# [What to do]
Below are lines of data, and only some are wanted. Please repeat exactly those from the line that has "8 Bedroom Vacation Home With Pool (1760)" through the line that has "More Photos Of".

# [Records provided]
● ● ● ● ● ● ●

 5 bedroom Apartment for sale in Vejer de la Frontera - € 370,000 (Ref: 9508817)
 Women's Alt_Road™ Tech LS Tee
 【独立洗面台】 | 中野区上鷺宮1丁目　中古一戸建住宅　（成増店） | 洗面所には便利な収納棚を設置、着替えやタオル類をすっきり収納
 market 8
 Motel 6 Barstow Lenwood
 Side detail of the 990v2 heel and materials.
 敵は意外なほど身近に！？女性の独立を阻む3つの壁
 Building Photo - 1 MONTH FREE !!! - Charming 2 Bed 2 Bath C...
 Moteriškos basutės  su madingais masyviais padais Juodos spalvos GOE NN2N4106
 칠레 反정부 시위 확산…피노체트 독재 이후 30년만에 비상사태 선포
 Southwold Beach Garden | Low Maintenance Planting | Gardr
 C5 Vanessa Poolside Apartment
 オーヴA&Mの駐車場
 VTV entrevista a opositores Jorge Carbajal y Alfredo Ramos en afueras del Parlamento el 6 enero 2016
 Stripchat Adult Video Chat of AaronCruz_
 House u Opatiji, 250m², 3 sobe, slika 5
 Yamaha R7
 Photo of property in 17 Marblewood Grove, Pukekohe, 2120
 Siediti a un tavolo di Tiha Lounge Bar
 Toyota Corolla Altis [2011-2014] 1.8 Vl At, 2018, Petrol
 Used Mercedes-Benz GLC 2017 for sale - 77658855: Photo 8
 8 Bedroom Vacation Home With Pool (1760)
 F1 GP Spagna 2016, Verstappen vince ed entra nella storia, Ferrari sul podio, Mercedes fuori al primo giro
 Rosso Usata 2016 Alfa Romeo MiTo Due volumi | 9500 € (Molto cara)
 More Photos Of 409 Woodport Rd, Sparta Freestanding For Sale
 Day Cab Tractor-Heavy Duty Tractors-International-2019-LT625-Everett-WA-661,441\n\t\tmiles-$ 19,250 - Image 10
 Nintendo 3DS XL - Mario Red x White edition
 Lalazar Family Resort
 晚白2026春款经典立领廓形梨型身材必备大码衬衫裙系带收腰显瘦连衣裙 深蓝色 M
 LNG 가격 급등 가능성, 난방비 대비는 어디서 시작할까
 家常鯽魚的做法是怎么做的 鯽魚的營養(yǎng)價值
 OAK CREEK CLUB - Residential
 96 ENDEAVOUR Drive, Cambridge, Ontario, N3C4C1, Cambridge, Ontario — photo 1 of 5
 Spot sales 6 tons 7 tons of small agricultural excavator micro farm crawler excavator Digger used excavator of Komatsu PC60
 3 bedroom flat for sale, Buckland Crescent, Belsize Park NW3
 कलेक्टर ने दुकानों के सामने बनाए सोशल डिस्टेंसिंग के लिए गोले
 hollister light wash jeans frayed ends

● ● ● ● ● ● ●

# [Your solution]
 8 Bedroom Vacation Home With Pool (1760)
 F1 GP Spagna 2016, Verstappen vince ed entra nella storia, Ferrari sul podio, Mercedes fuori al primo giro
 Rosso Usata 2016 Alfa Romeo MiTo Due volumi | 9500 € (Molto cara)
 More Photos Of 409 Woodport Rd, Sparta Freestanding For Sale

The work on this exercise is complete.